Compared with placebo, modafinil significantly improved subjective daytime sleepiness, simulated driving ability and simple reaction times but not sleepiness-related quality of life in patients with mild to moderate OSA and significant daytime sleepiness. The symptomatic benefit reported by patients was at least as good as that seen with the gold standard CPAP or MAS therapies. Routine use of modafinil cannot yet be recommended without larger and longer confirmatory trials.

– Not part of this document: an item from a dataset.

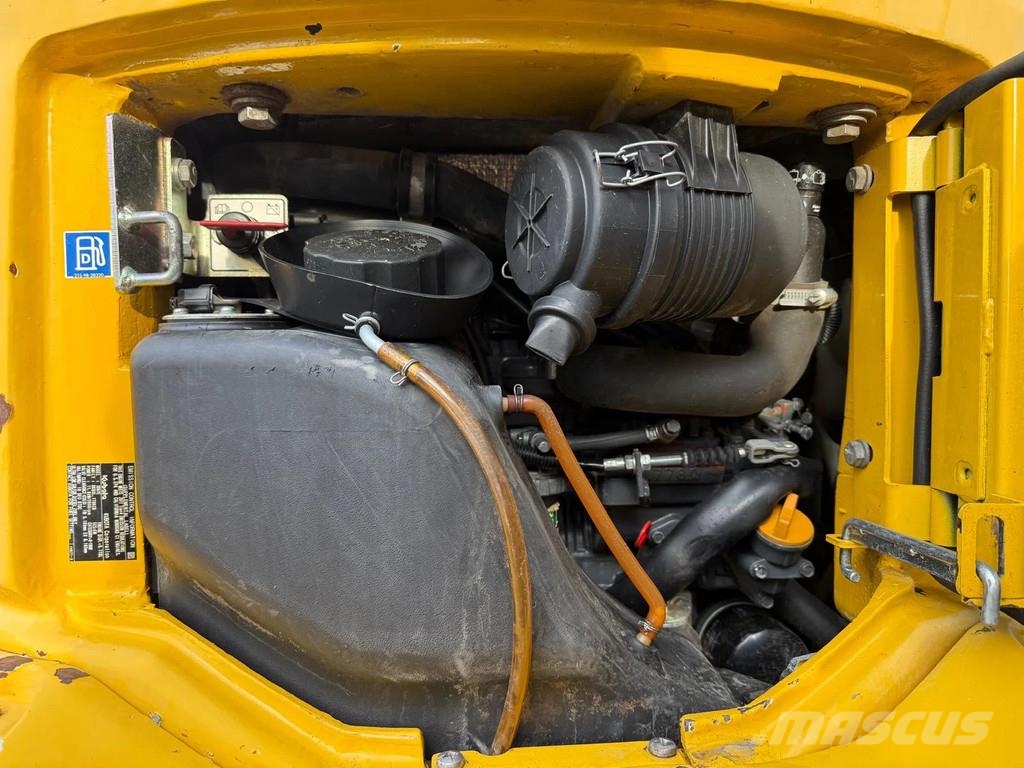 Komatsu PC18MR-3 Minigravemaskiner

The authors would like to thank Corianne Kwan and the staff at the Royal Prince Alfred Pharmacy for their aid in preparation handling and dispensing study medication and Professor Peter Liu for generating the randomisation sequence and for help in designing the protocol. We would also like to thank Brendan Funnell for graphical design assistance.
Contributors JLC: Acquisition of data, analysis and interpretation of data and drafting and final approval of article. LK: Acquisition of data, revision and final approval of article. CLC, SS: Acquisition of data, revision of article, final approval of article. SCW, KKHW, BJY, RRG: Conception and design, acquisition of data, revision of article, final approval of article. NSM: Conception and design, acquisition of data, analysis and interpretation of data, drafting and revising article and final approval of article.

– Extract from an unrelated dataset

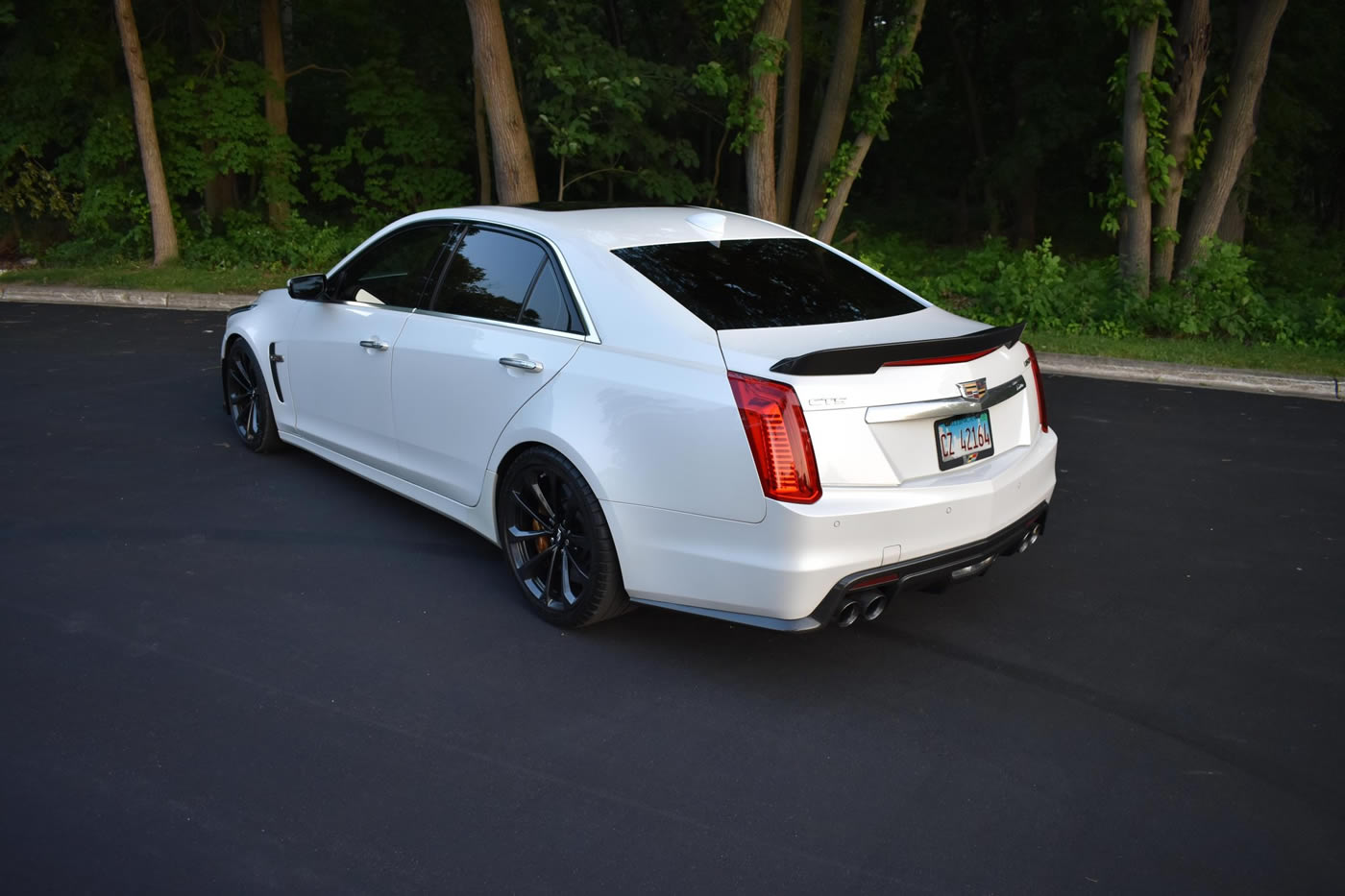 2017-cadillac-cts-v-crystal-white-tricoat-3.jpg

Funding Research supported by an Australian NHMRC grant to NSM (1004528) and a University of Sydney Bridging Grant to NSM and NHMRC grants to RRG (264598, 571421, 457094 and 1022730). JLC is supported by a NHMRC postgraduate scholarship (1038709).
Competing interests Our department has received in-kind support from Teva Cephalon for a different clinical trial for sleep apnoea in the last 24 months. The medication tested in this trial and a previous related trial22 was provided free of charge by the Australian distributor of modafinil, CSL Biotherapies Ltd. SCW has been an employee of Novartis since March 2013. His employment there began after data analysis and initial drafting of this manuscript was completed. We have no other conflicts of interest with relation to this investigator-initiated study.
Ethics approval The Sydney Local Health District (Royal Prince Alfred Hospital Zone) Human Research Ethics Committee oversaw the approval of the protocol (Protocol Number: X08-0004-initial approval 2008, X12-0078-reapproval 2012, protocol available from the corresponding author) and the trial was registered with the Australia and New Zealand Clinical Trials Registry before the trial began (ACTRN12608000128392).
Provenance and peer review Not commissioned; externally peer reviewed.
Data sharing statement De-identified dataset available upon request from corresponding author.